“I’m Tired of Dealing with Them!”

Unfortunately, in American Schools, this is a common phrase when referring to students who are troublemakers. No doubt that those certain students are a pain in the butt, however, their behavior should not take priority over academic readiness when it comes to passing them on to the next grade.

As a school teacher, I have sat in on end-of-the-year meetings that determine whether or not some of the students should be passed on based on academic achievement through assessments and absences. These meetings are very important due to the fact that a student could be held back or made to attend summer school. One disturbing experience I had one year was when the principal and the teachers that had a certain student voted to pass him on because “he is annoying and a pain.” This student did NOT deserve to advance to the next level. I had him in my English class and he refused to do 85% of his work and the 15% he did do was guesses that showed no academic effort or progress. He was also absent over 20 days, which is at least four days over the supposed “allowed” absence limit. One of the grading periods, this kid had a zero average in 4 of his classes. In my class he had a 27.

He was passed on.

I argued against him getting passed on, but I was outnumbered and outranked. If I’m honest, I came out of that meeting discouraged and confused to just what exactly was happening in our schools. This was my first year teaching, so this was my first meeting of the kind. The quickness of their decision and the joking attitude towards the subject led me to speculate that this wasn’t the first time this had happened. It is sad to think that a school, an institution that is supposed to put the students in a place to succeed, makes decisions rashly and based on emotions.

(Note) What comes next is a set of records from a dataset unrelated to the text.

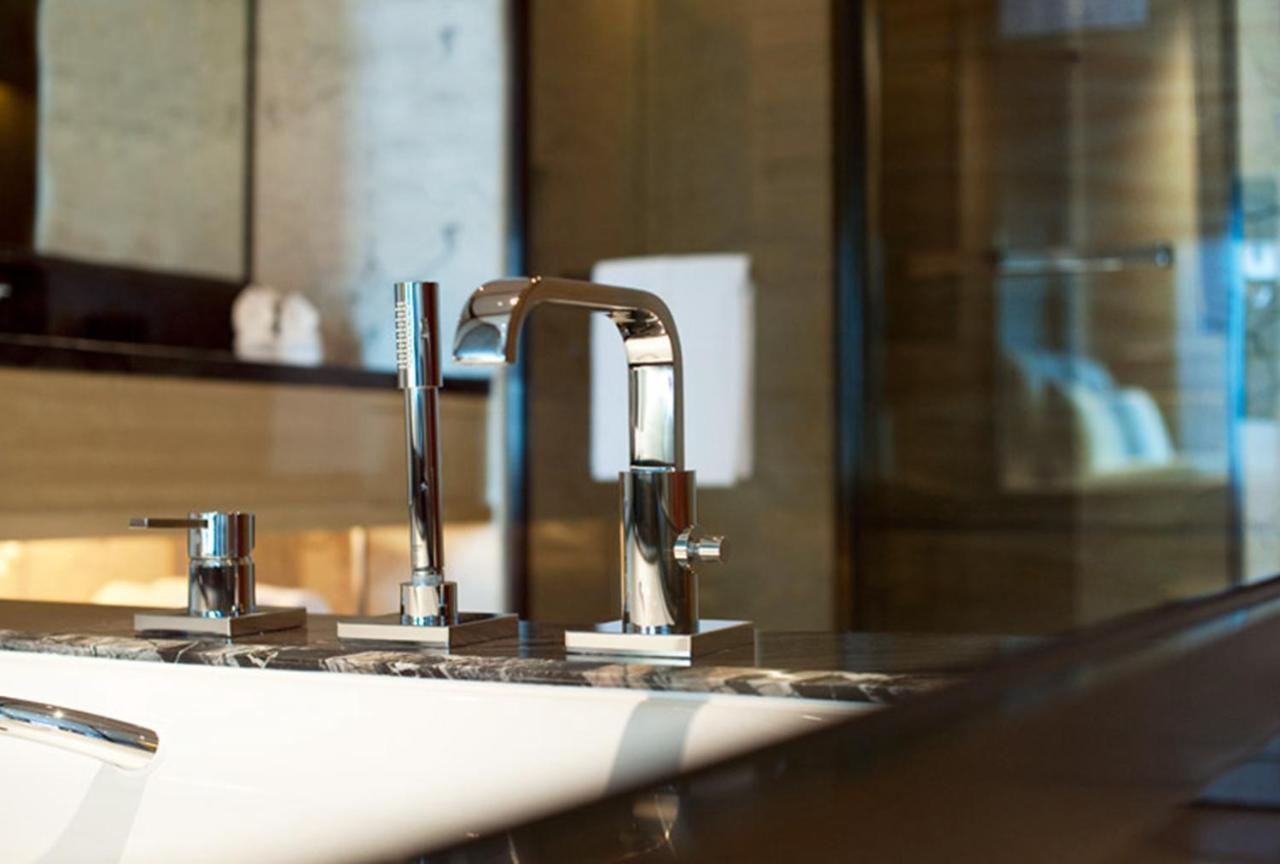 Le Meridien Chongqing Nan'an Bagian luar foto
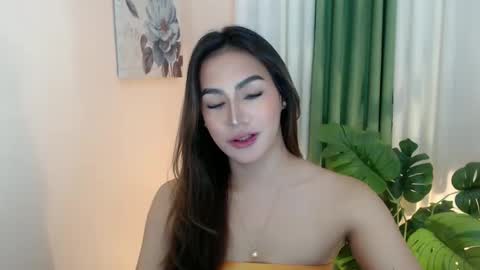 Venus Sunrise Bombshell online show from 09.16.25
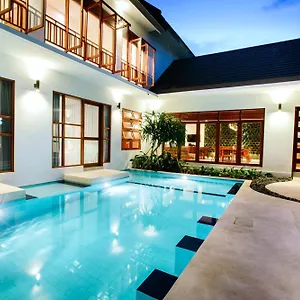 Pudak Sari Unizou Hostal Kuta Lombok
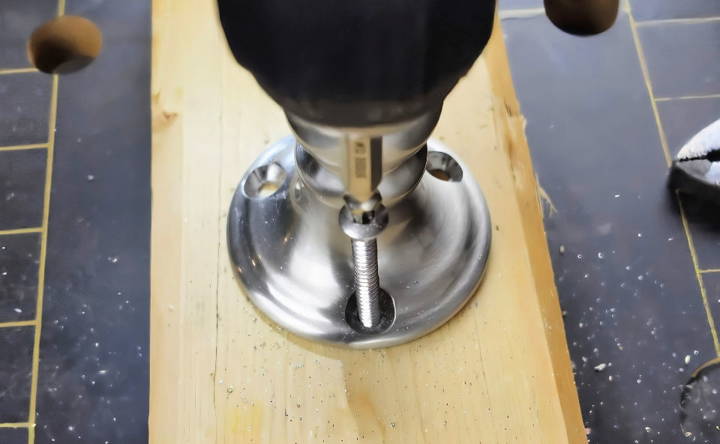 easy way to remove a stripped screw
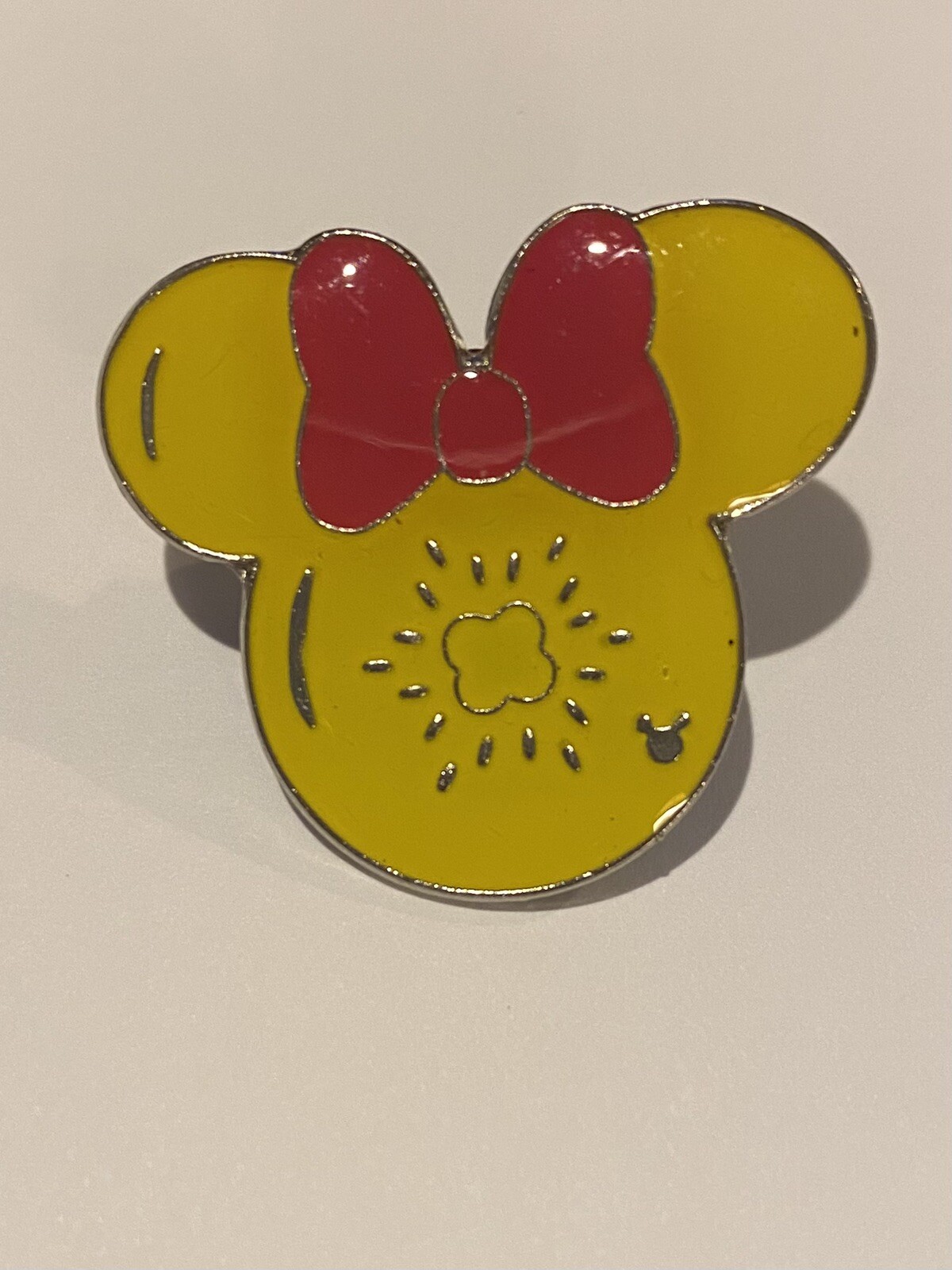 Minnie Mouse Disney Pin Trading Pin Melon Pink Bow Disney WDW official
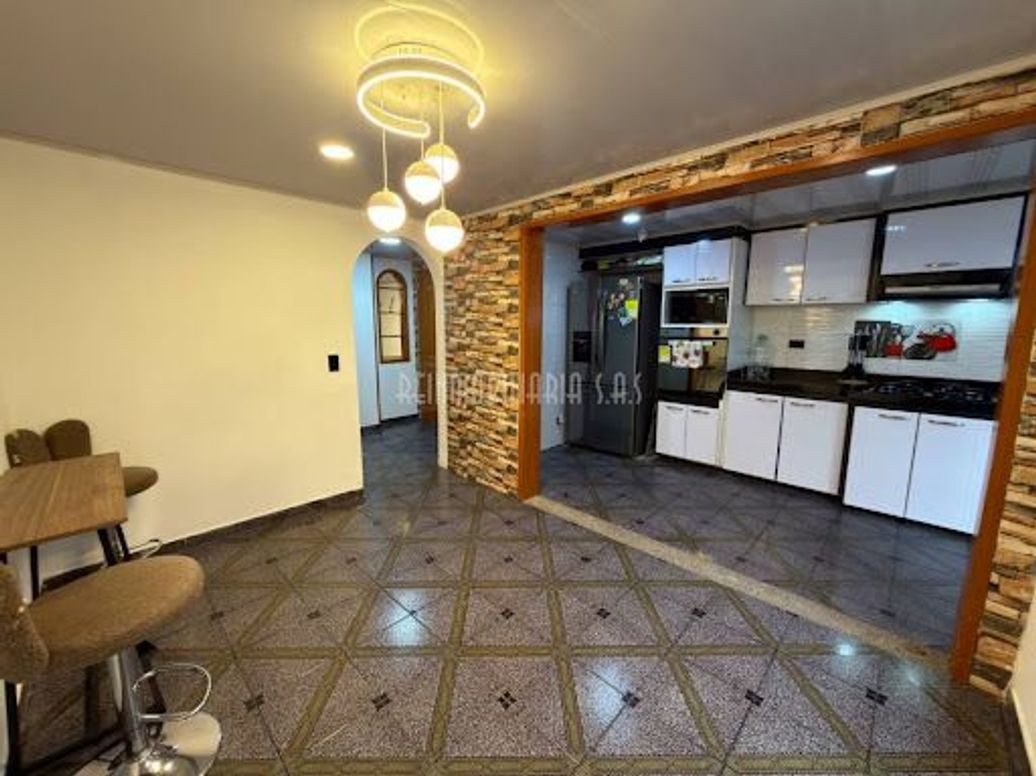 Casa de 4 alcobas en venta en San Eusebio, Bogotá, 100 m² · foto 3 de 20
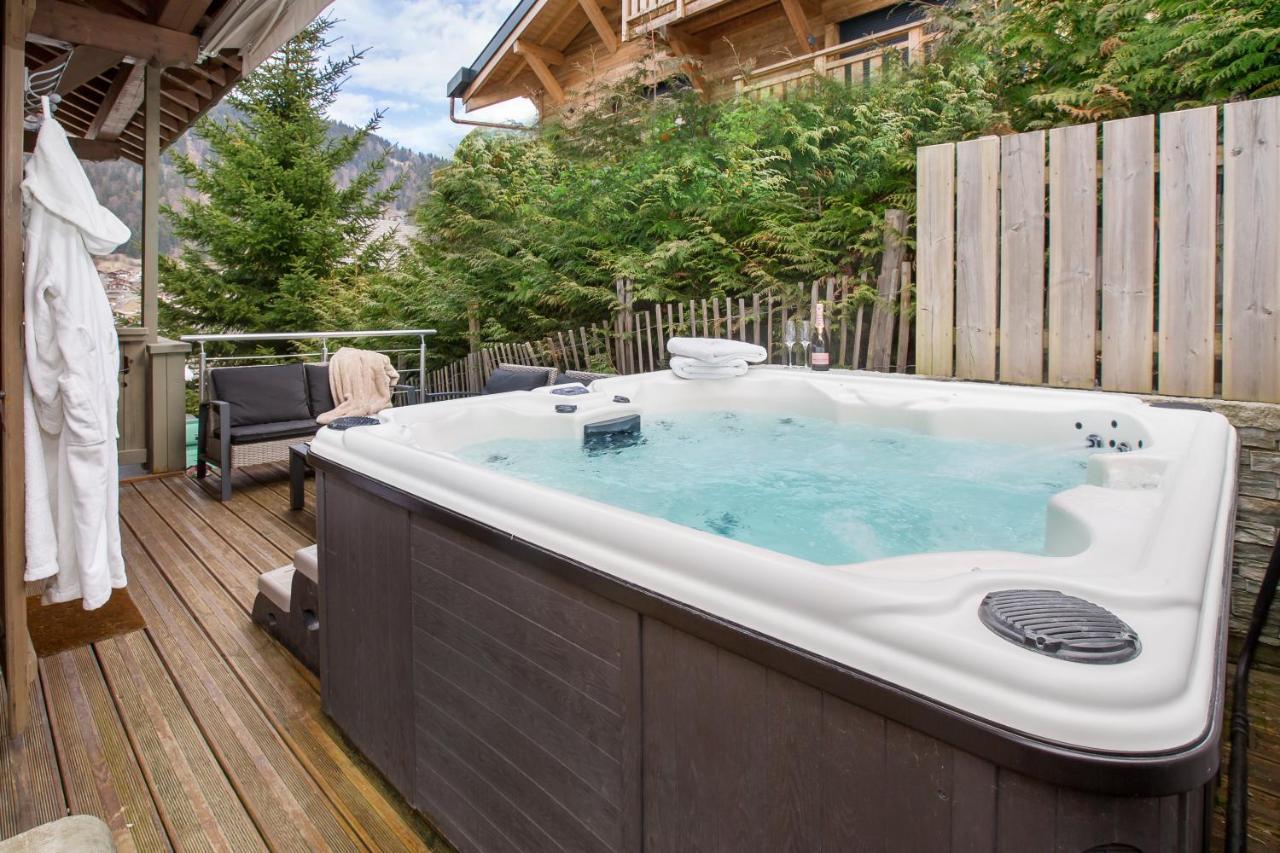 Muguet Gauche With Hot Tub Sleeps 10 * Morzine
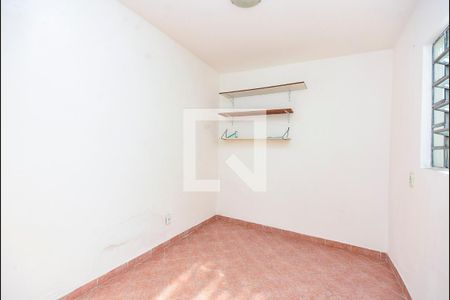 Casa à venda com 172m², 2 quartos e 2 vagas Casa à venda com 172m², 2 quartos e 2 vagasQuarto de Serviço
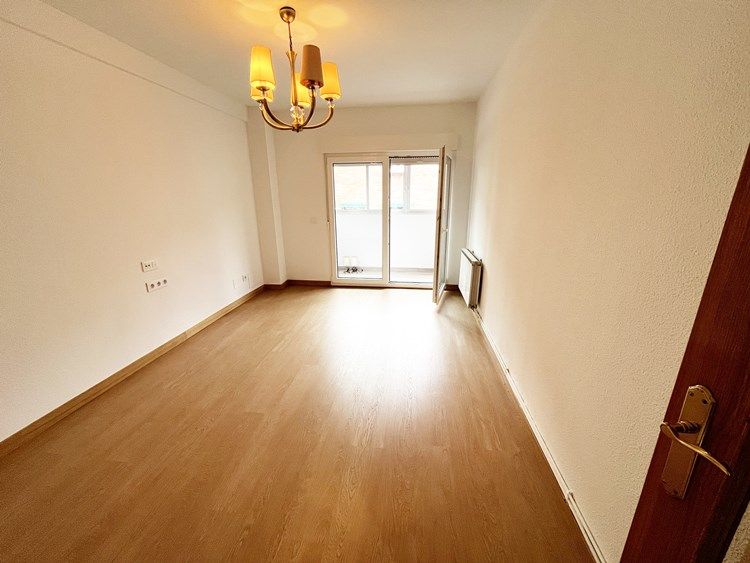 Sala de estar de Piso de alquiler en  Madrid Capital con Calefacción, Parquet y Horno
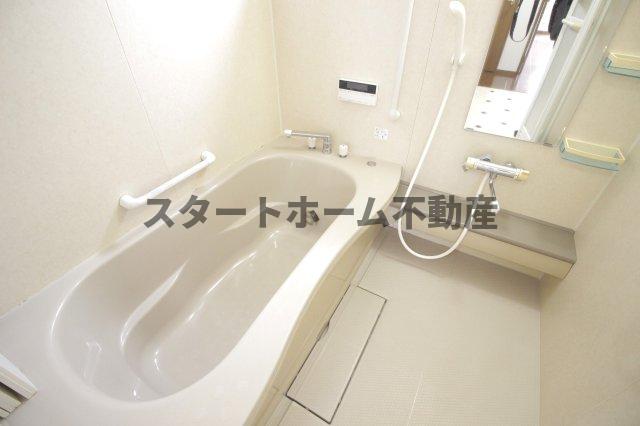 バス・シャワールーム　お風呂です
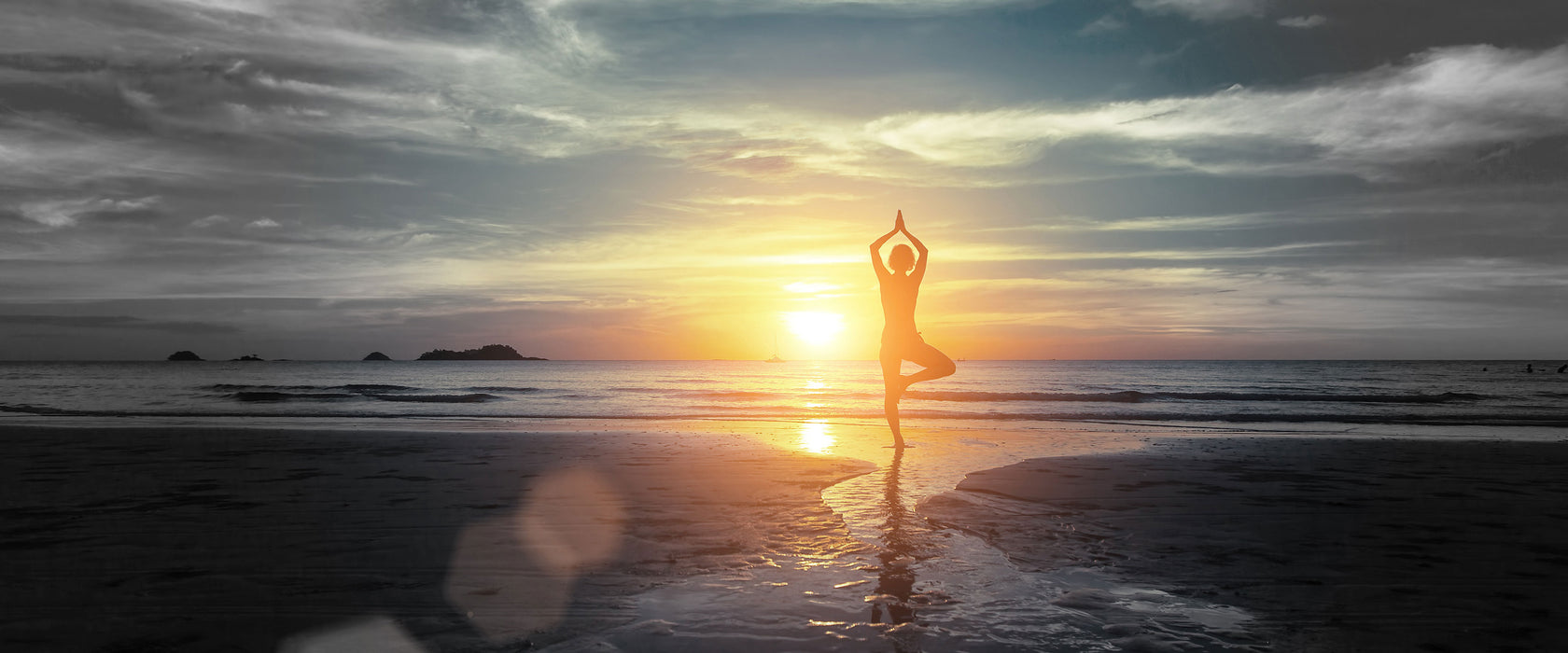 Yoga Silhouette am Strand, Glasbild Panorama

Schools should not lower their expectations of students. If a student does not obtain a certain amount of mastery in that grade, then they should not advance to a higher grade. It’s a domino effect. If they get passed on without the proper knowledge, then the next teacher that gets them cannot teach the required grade level content because there is no foundation. They have to go back and reteach what the student should already know from the previous year. This results in lost time, opportunity to learn, and lower test grades. Lower grades on the STAAR test puts a teacher on the hot seat. STAAR is how a teacher is judged. That is a conversation for another post though.

I would urge school to stop taking the easy way out and to actually try their hardest to make sure the students are learning what they need to at each grade level. This goes back to my earlier post The American Education System….One BIG Fail talking about how we are a country of mediocracy. We can do better. We should do better.

If you’re a parent, please instill a good work ethic in your children so that they will do the work to be successful and well educated.